The PAM authenticator relies on the Python package pamela. For basic troubleshooting this can be tested on the commandline. To attempt authentication as user testuser, run the following command:

# python -m pamela -a testuser

(If you run JupyterHub as a non-root user, run the command as that user instead of root). If the authentication succeeds, no output will be printed. If it failed an error message will be printed.

PAM authentication as non-root user

If you run JupyterHub as a non-root user, you will need to give that user read permissions to the shadow file. The method recommended by the JupyterHub documentation is to create a shadow group, make the shadow file readable by this group, and add the JupyterHub user to this group.

Warning: This allows read-only access to the hashed passwords in /etc/shadow to anybody running code as the JupyterHub user. Note that each single-user server is run under their own account and so code executed in those servers will not have access.

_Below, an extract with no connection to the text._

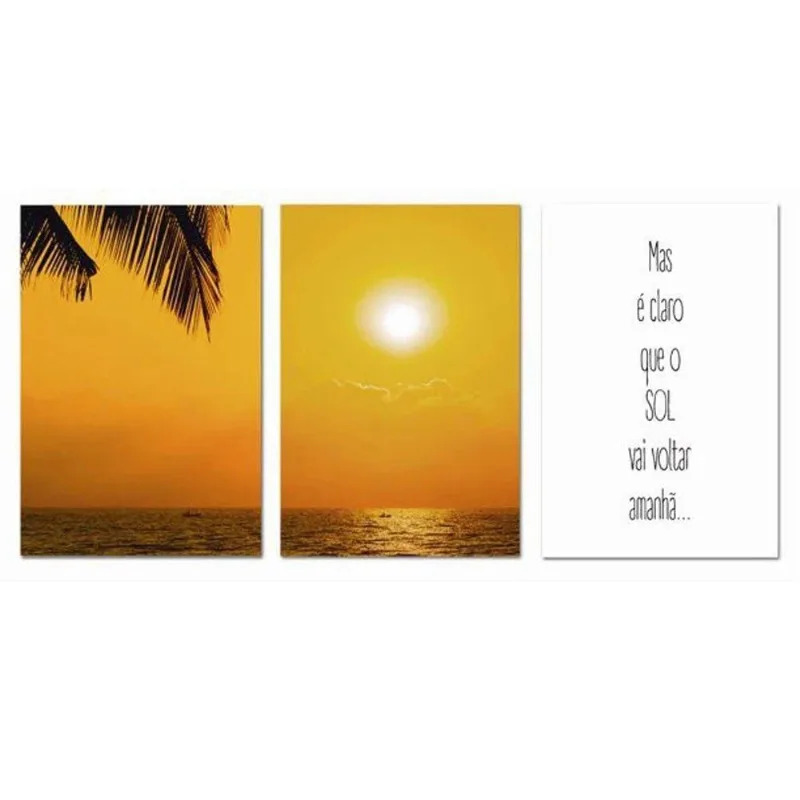 Kit Placas Quadros Decorativos 3 pçs MDF 20x30 Pôr do Sol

Also note that a security exploit in JupyterHub would allow the same access to the hashed passwords if JupyterHub was being run as root.

Creating the group, modifying the shadow file permissions and adding the user jupyterhub to the group can be accomplished with the following four commands:

# groupadd shadow
# chgrp shadow /etc/shadow
# chmod g+r /etc/shadow
# usermod -aG shadow jupyterhub

Spawners

Spawners are responsible for starting and monitoring each user's notebook server. The spawners section of the documentation contains more details about how they work and how to write a custom spawner. The spawners wiki page has a list of spawners; some of these have AUR packages and are described below.

LocalProcessSpawner

This is the default spawner included with JupyterHub. It runs each single-user server in a separate local process under their user account (this means each JupyterHub user must correspond to a local user account). It also requires JupyterHub to be run as root so it can spawn the processes under the different user accounts. The jupyter-notebook package must be installed for this spawner to work.

SudoSpawner

The SudoSpawner uses an intermediate process created with sudo to spawn the single-user servers. This allows the JupyterHub process to be run as a non-root user. To use it install the jupyterhub-sudospawnerAUR package.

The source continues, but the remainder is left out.